Another 153 estate agents have gone insolvent in the last year, up from 148 the year before, as the pressure from online rivals continues to increase, says Moore Stephens, the Top 10 Accountancy firm.
Moore Stephens says that more than 7,000 UK estate agents currently show signs of financial distress*.
Even larger estate agents look to be feeling the strain, with London estate agent Foxtons reporting a 15% drop to £24.5m in revenue in Q1 2018 from the same period last year. Shares in the UK’s largest estate agent Countrywide fell 25% in one day in late June, after it issued its second profit warning of the year.

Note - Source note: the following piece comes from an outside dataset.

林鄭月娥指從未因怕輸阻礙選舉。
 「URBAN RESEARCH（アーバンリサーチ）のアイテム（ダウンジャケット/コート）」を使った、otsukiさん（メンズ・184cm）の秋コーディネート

The online estate agents market is growing, with the likes of Hatched and Yopa further increasing pressure on the profit margins of high street rivals. Traditional estate agents often have higher staff and property costs than online-only firms, meaning they can struggle to compete with the low commission rates of online services.
Moore Stephens adds that Government plans to ban letting fees charged to tenants may narrow the profit margins of some estate agents even more, as fees from tenants currently contribute significantly to the bottom line. Chancellor Philip Hammond announced the ban in the Autumn Statement 2016, but the Government now expects the bill to be passed in the spring of 2019.
The extra stamp duty surcharge of 3% of the value of a buy-to-let home introduced in April 2016 could also be contributing to problems for estate agents, with some buy-to-let investors choosing not to add to their portfolios. Sales volumes appear to be in decline, with the number of property sales in London alone falling 20% from 2014 to 2017, and the number of property sales UK-wide falling 1% in just the last year.**
Chris Marsden, Restructuring partner at Moore Stephens, says: “Insolvencies of high street estate agent are increasing as online competitors continue to chip away at their sales and undermine commission rates.”
“With the ban on letting fees stated to come into force in 2019, estate agents will struggle to pass those fees onto landlords.”
“Some areas in the UK are appear to have an excess capacity of estate agents, which could mean there is not enough business to spread around as property transactions stagnate.”
“Estate agents with a traditional model may have to look at whether they can reduce overheads and review their service offering to effectively compete in the current market.”